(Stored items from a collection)
- - - - -

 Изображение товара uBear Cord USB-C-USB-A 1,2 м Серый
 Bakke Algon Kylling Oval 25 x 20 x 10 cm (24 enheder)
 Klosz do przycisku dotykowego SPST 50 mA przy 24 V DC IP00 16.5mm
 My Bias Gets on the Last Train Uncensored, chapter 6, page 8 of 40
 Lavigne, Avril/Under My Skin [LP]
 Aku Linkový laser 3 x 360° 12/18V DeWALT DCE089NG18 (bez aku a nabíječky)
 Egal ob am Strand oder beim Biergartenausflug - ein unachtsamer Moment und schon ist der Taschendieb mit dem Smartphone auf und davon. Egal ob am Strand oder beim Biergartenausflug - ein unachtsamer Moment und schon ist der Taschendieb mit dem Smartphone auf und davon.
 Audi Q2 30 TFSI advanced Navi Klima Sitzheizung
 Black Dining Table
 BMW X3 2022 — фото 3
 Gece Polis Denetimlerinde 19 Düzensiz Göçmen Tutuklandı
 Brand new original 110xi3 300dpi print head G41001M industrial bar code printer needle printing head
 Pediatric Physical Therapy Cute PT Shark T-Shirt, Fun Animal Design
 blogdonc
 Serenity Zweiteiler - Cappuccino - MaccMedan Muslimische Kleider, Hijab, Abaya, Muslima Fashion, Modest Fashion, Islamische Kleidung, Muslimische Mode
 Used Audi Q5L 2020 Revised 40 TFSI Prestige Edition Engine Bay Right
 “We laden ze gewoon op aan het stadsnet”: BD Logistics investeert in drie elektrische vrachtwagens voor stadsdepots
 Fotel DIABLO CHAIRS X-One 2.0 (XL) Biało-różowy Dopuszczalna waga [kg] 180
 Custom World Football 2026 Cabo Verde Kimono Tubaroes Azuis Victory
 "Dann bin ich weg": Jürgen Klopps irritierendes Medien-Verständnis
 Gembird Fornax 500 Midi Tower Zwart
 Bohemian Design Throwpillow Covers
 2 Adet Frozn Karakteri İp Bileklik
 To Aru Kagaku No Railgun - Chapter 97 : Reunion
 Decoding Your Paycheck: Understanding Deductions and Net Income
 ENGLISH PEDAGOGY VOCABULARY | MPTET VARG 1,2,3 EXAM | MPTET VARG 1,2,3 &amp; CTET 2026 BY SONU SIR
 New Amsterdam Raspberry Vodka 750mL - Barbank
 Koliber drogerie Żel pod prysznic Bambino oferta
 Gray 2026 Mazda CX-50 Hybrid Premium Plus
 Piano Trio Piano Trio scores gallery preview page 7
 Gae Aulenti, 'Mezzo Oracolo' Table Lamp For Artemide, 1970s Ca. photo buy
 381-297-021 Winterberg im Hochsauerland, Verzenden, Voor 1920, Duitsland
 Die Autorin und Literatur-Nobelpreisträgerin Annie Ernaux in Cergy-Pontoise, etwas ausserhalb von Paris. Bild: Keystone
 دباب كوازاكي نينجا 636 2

- - - - -

> [WHAT YOU SHOULD DO] In the data above, which lines have "page"? Report each of them.

> [YOUR SOLUTION]
 My Bias Gets on the Last Train Uncensored, chapter 6, page 8 of 40
 Piano Trio Piano Trio scores gallery preview page 7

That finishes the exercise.